Magdeburg Civic Hall

Town Hall (Stadthalle), Magdeburg (Saxony-Anhalt), Architect: Johannes Göderitz, 1927.
Town Hall (Stadthalle), Magdeburg (Saxony-Anhalt), Architect: Johannes Göderitz, 1927. © MVGM, Foto: Andreas Lander.


  • 1927
  • Johannes Göderitz


  • 1959 — 1966


  • 2020 — 2021
  • gmp Architekten

Magdeburg Concert Hall, Stadthalle Magdeburg

In 1927 the city of Magdeburg hosted the German Theatre Exhibition. To present a worthy welcome to spectators, artists and critics from around the world, the new Magdeburg Civic Hall was constructed. The ensemble of civic hall, entry gateway, observation tower and fountain is an important example of the New Architecture. The buildings rank among the main works of the architects Johannes Göderitz and Albin Müller.

During preparations for the theatre festival, Magdeburg’s mayor Hermann Beims proposed the idea of a “dignified, monumental building” that would help establish the city as an important location for conferences and other cultural events in Central Germany.

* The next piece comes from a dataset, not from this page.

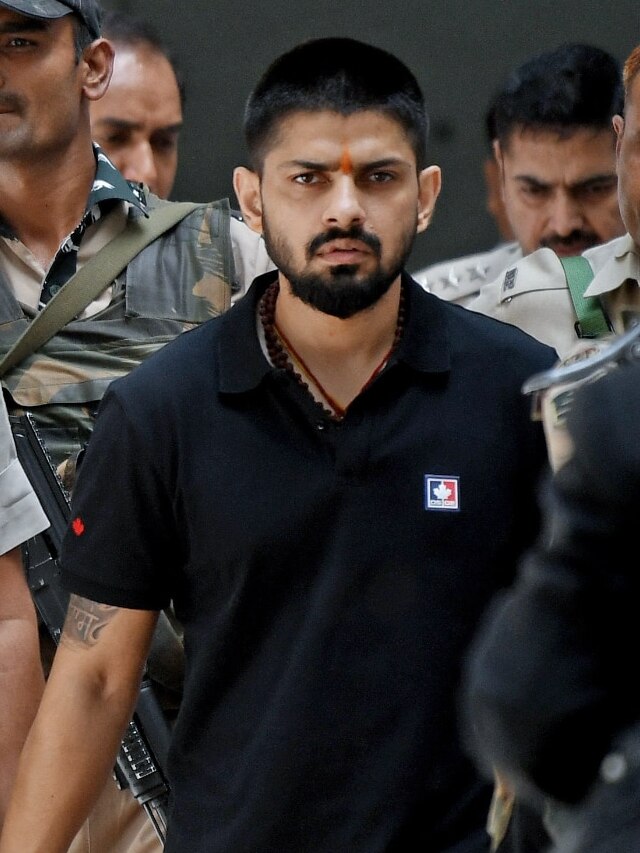 How Balkaran Brar became Lawrence Bishnoi: 10 things about India's most-searched gangster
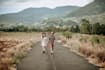 edit pre wedding color correction and retouching photo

As designed by Johannes Göderitz and Wilhelm Deffke, the new civic hall constructed on the city’s exhibition grounds in Rotehorn Park proved both elegant and highly functional. Thanks to its ingenious mechanics, the Great Hall inside could be utilised for a range of functions – a true innovation for theatres and festival halls of the time. The continuous wood panelling guaranteed optimal acoustics that were enthusiastically hailed by renowned guest conductors such as Wilhelm Furtwängler and Otto Klemperer.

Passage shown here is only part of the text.